From the first line to the last, retype everything below exactly, minus the pictures.

Supplied material
━━━━━━━━━━━━━━━━

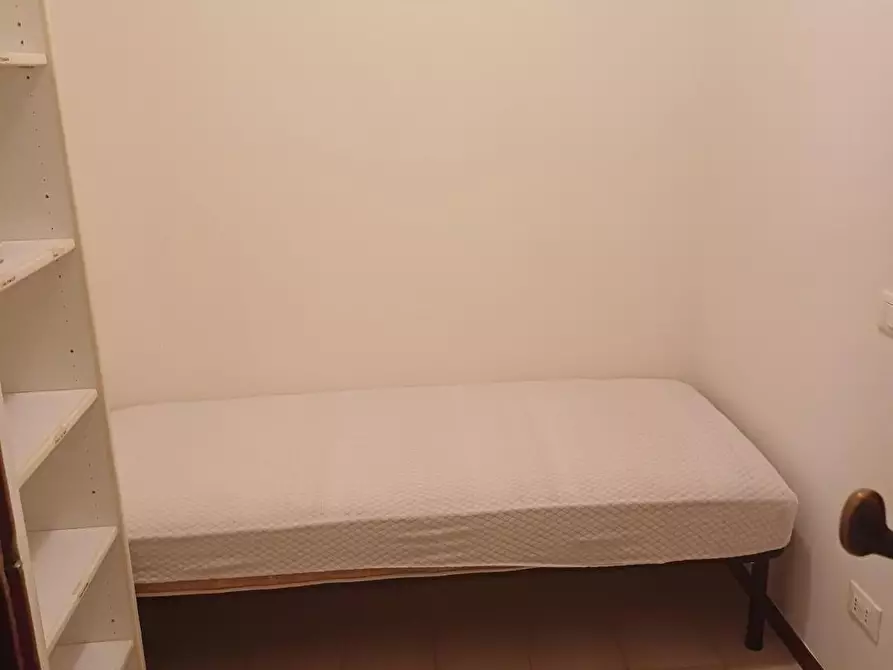 Immagine 3 di Appartamento in vendita  a Ortonovo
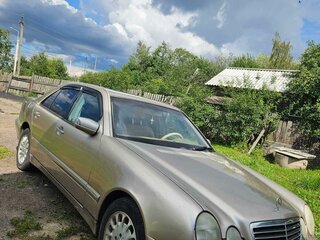 2000 Mercedes-Benz E-Класс 320 II (W210, S210) Рестайлинг, золотистый, 900000 рублей, вид 3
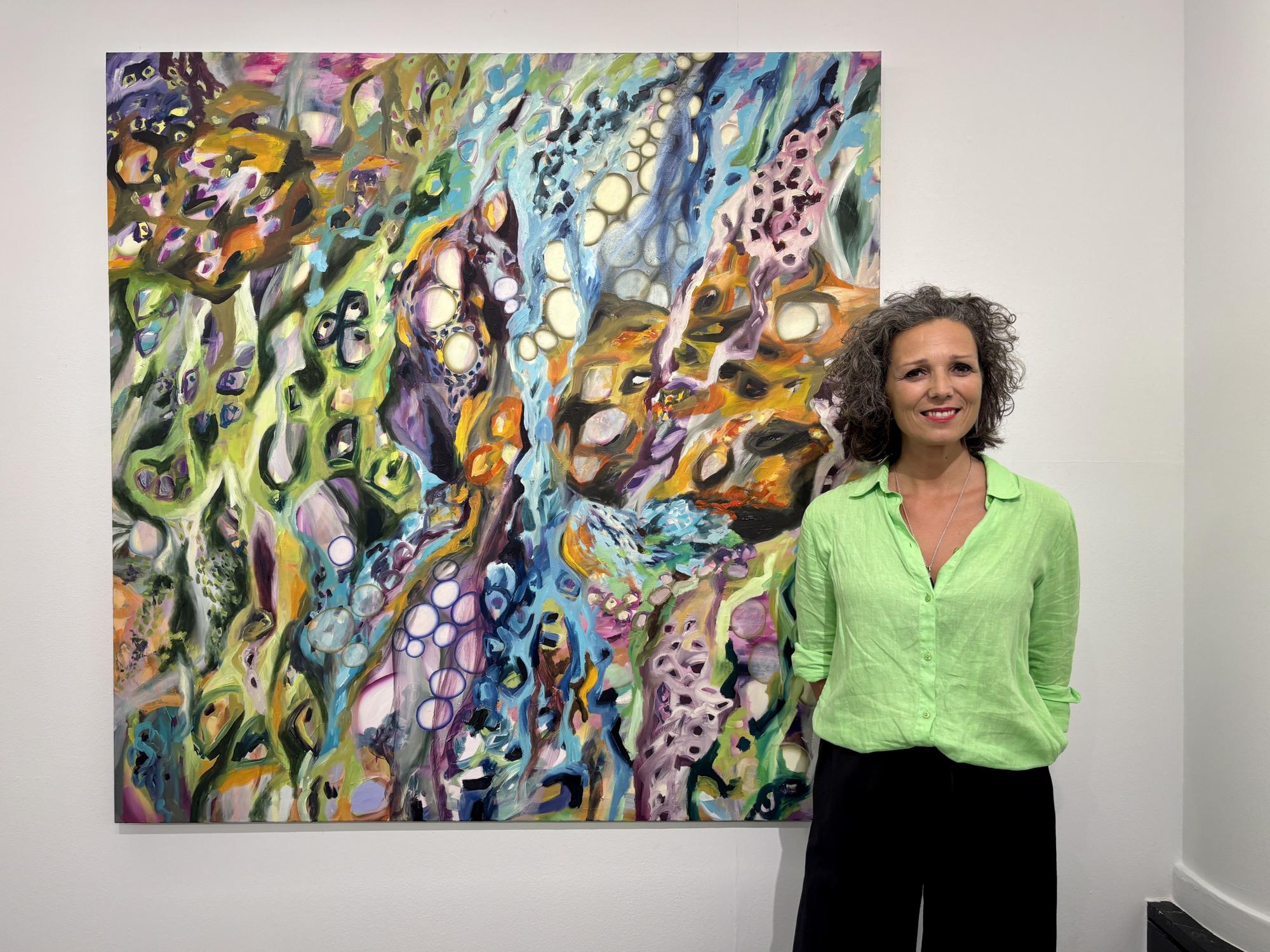 Miren González Goikoetxea junto a su obra ‘Bizi-Min-Bizi (bularreko mimbizia)’.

━━━━━━━━━━━━━━━━

Result of this task
 Immagine 3 di Appartamento in vendita  a Ortonovo
 2000 Mercedes-Benz E-Класс 320 II (W210, S210) Рестайлинг, золотистый, 900000 рублей, вид 3
 Miren González Goikoetxea junto a su obra ‘Bizi-Min-Bizi (bularreko mimbizia)’.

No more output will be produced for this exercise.